Work instructions: Leave every image out, and return the rest of the data word for word.

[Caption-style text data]
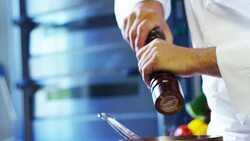 in an Italian professional kitchen a chef pours salt on a dish or in the water to boil the Italian pasta concept of healthy and light food. Stock Footage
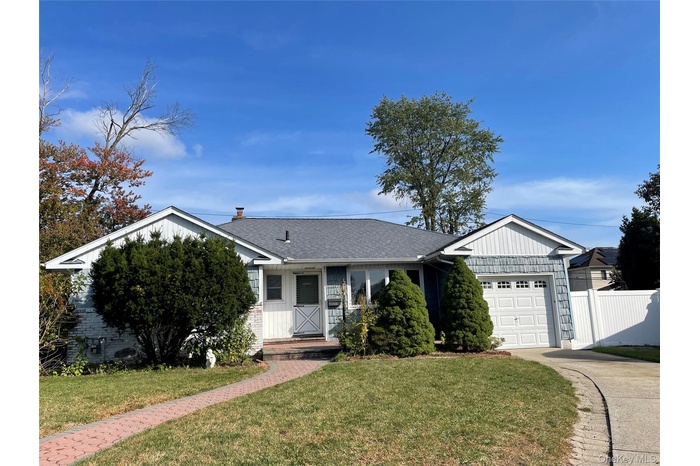 Ranch-style home with a garage, driveway, roof with shingles, and board and batten siding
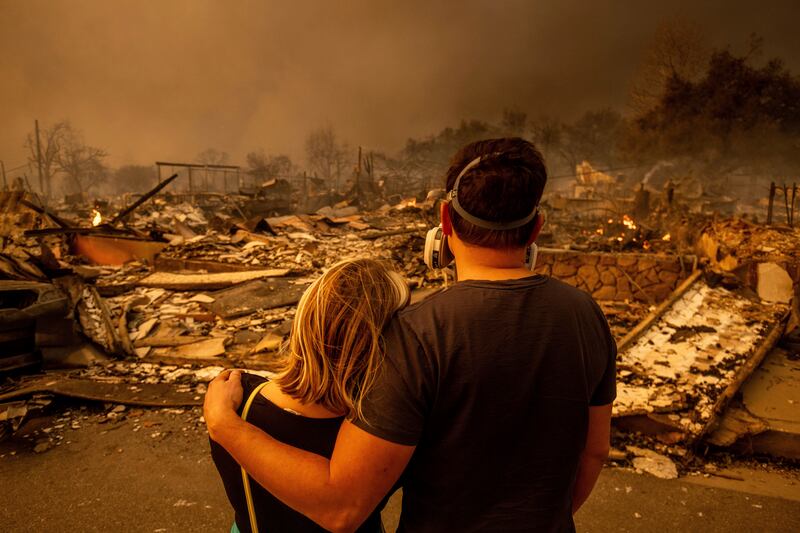 A couple returned to their fire-damaged home after the Eaton blaze swept through the area in Altadena (Ethan Swope/AP)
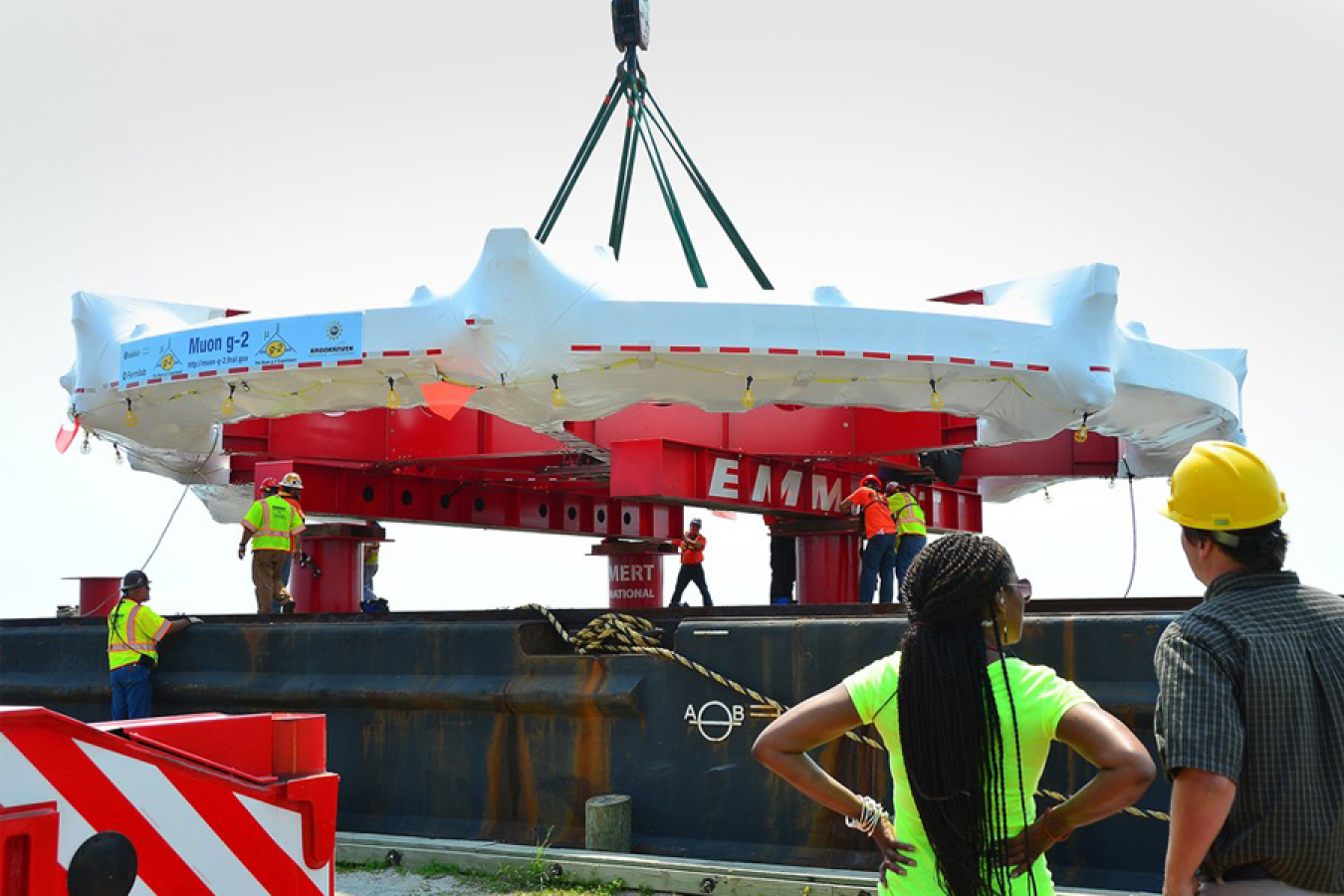 Woman and man standing with their backs to the camera looking at a giant, ring-shaped machine covered in plastic being placed on a large metal platform.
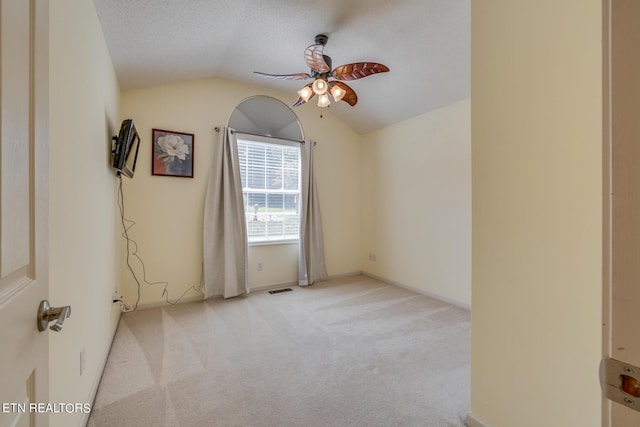 spare room featuring carpet floors, lofted ceiling, visible vents, a ceiling fan, and a textured ceiling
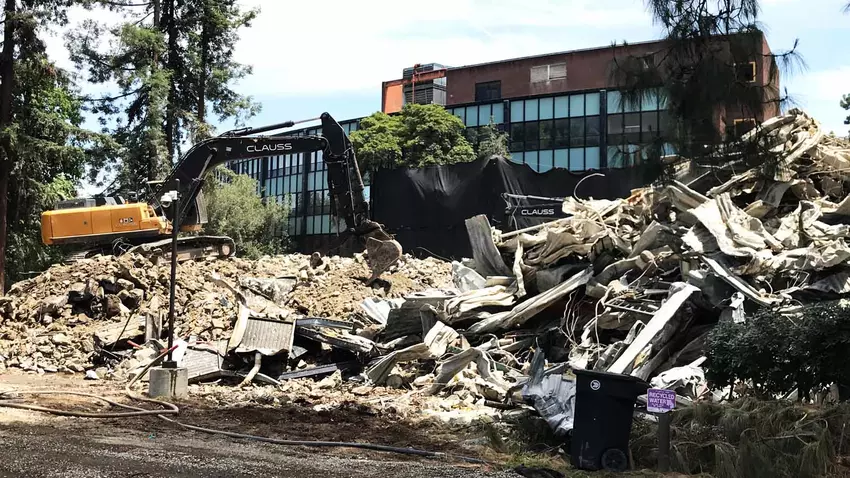 A bulldozer sorts through the steel, concrete, wood and other remains of a demolished building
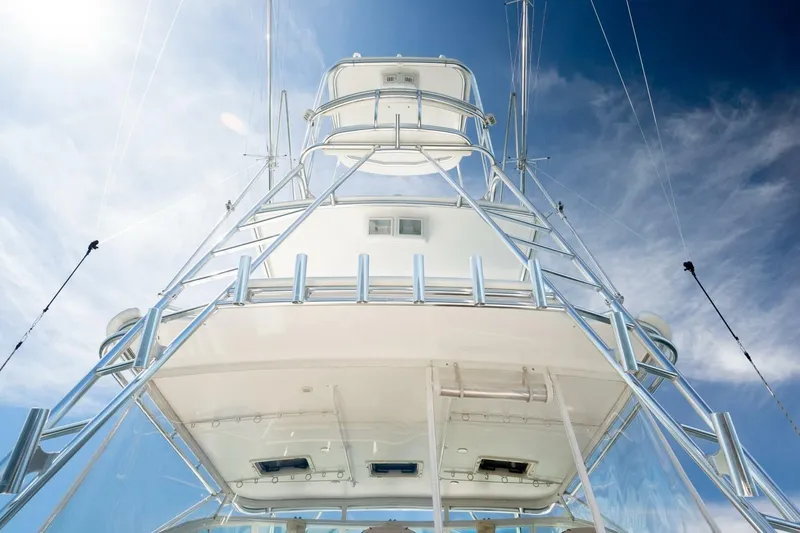 Slide: The Image of 2004 Cabo 40 Express yacht tower against a bright blue sky. - 26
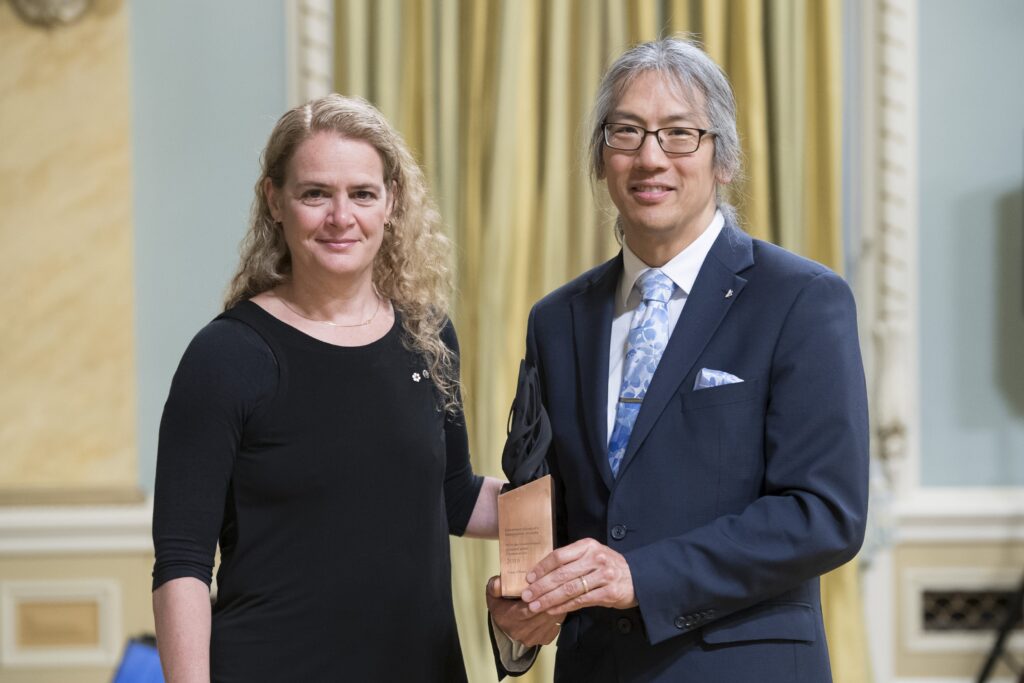 two people posing with award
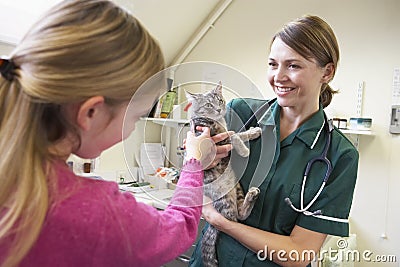 Young Girl Bringing Cat For Examination By Vet Stock Photo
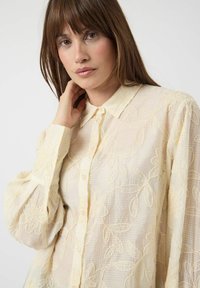 Krämfärgad blus med blomsterbroderi, texturerad väv, knappstängning, spetskrage och samlade ärmar. Detaljerade löv- och blommönster.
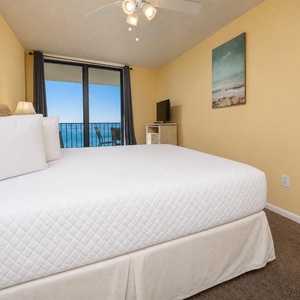 Cozy master bedroom featuring a king bed, a flat-screen TV, and a breathtaking view from the balcony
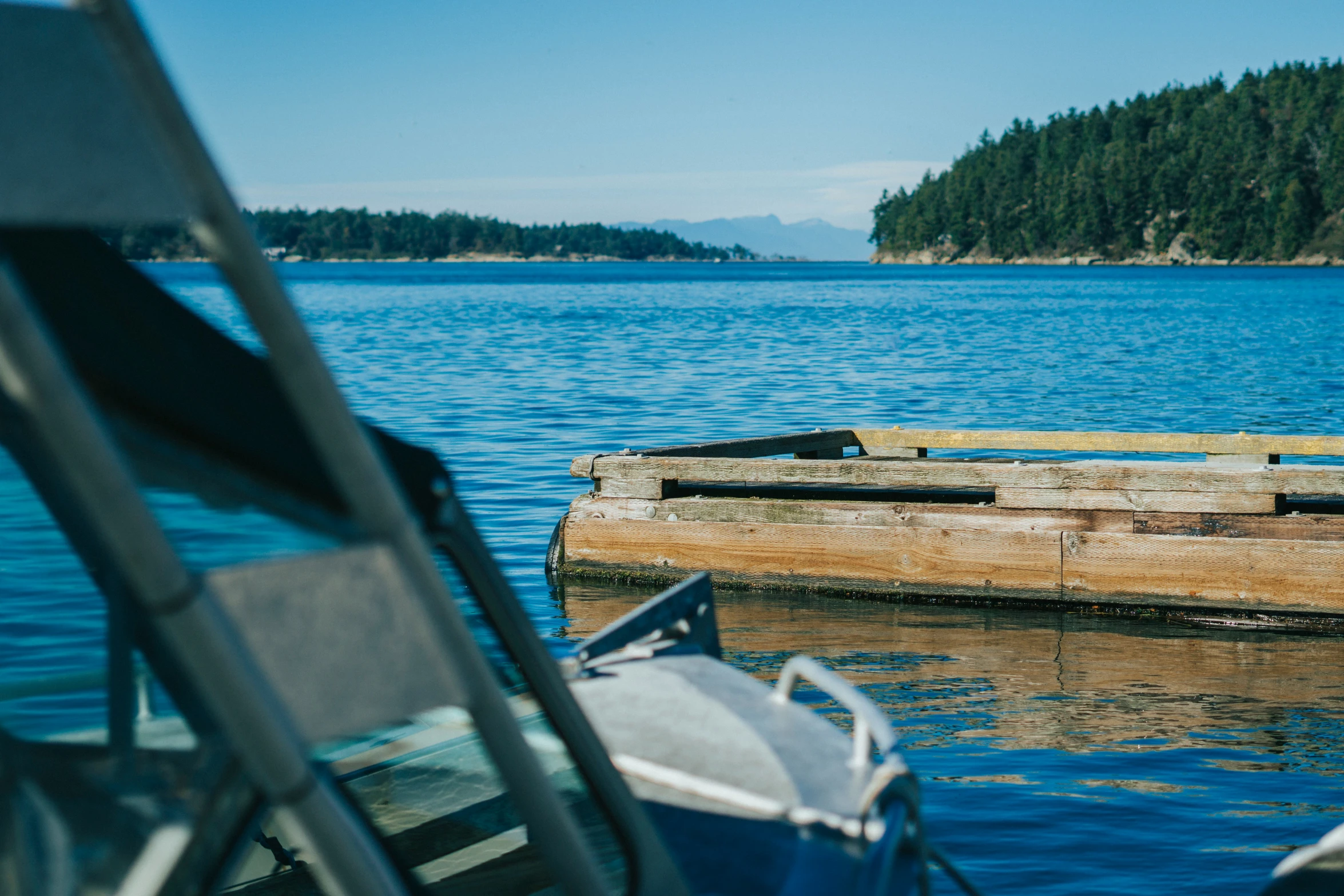 a boat dock sitting in the middle of a large lake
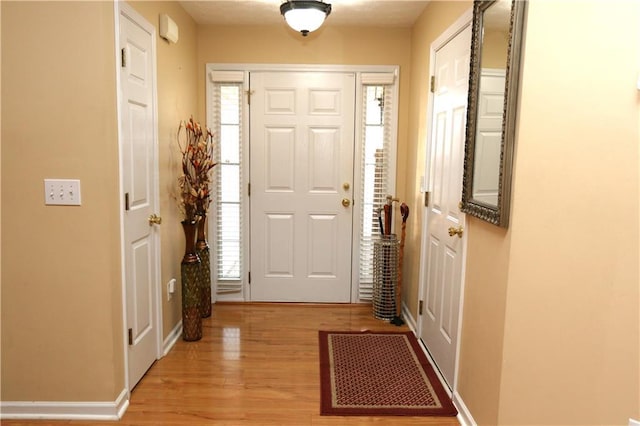 doorway to outside with light hardwood / wood-style floors and plenty of natural light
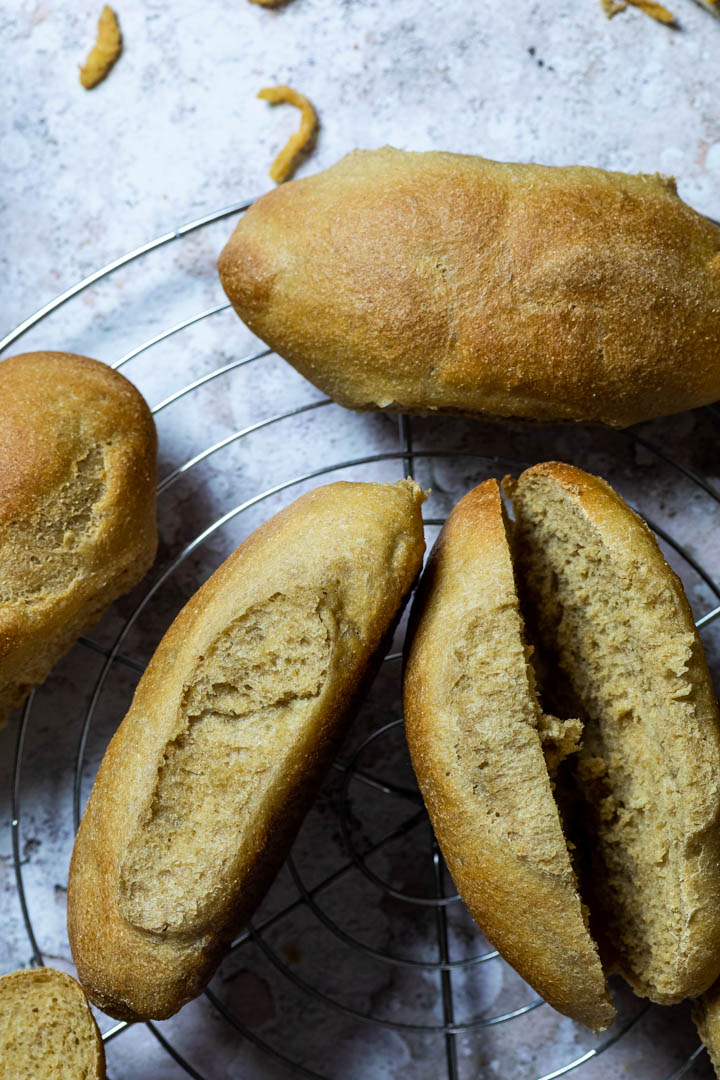 Selbstgemachte vegane Vollkornweizen-Hot Dog Brötchen auf einem Gitter.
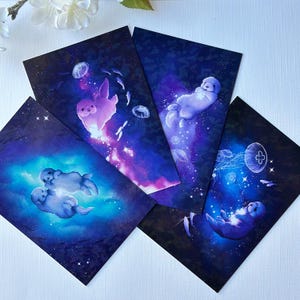 Jeu de cartes postales sur la loutre de mer interstellaire | mignonnes créatures marines et vie marine sur cartes holographiques de 10 x 15 cm (4 x 15 cm) | Adorable bébé loutre de l'espace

Task answer:
 in an Italian professional kitchen a chef pours salt on a dish or in the water to boil the Italian pasta concept of healthy and light food. Stock Footage
 Ranch-style home with a garage, driveway, roof with shingles, and board and batten siding
 A couple returned to their fire-damaged home after the Eaton blaze swept through the area in Altadena (Ethan Swope/AP)
 Woman and man standing with their backs to the camera looking at a giant, ring-shaped machine covered in plastic being placed on a large metal platform.
 spare room featuring carpet floors, lofted ceiling, visible vents, a ceiling fan, and a textured ceiling
 A bulldozer sorts through the steel, concrete, wood and other remains of a demolished building
 Slide: The Image of 2004 Cabo 40 Express yacht tower against a bright blue sky. - 26
 two people posing with award
 Young Girl Bringing Cat For Examination By Vet Stock Photo
 Krämfärgad blus med blomsterbroderi, texturerad väv, knappstängning, spetskrage och samlade ärmar. Detaljerade löv- och blommönster.
 Cozy master bedroom featuring a king bed, a flat-screen TV, and a breathtaking view from the balcony
 a boat dock sitting in the middle of a large lake
 doorway to outside with light hardwood / wood-style floors and plenty of natural light
 Selbstgemachte vegane Vollkornweizen-Hot Dog Brötchen auf einem Gitter.
 Jeu de cartes postales sur la loutre de mer interstellaire | mignonnes créatures marines et vie marine sur cartes holographiques de 10 x 15 cm (4 x 15 cm) | Adorable bébé loutre de l'espace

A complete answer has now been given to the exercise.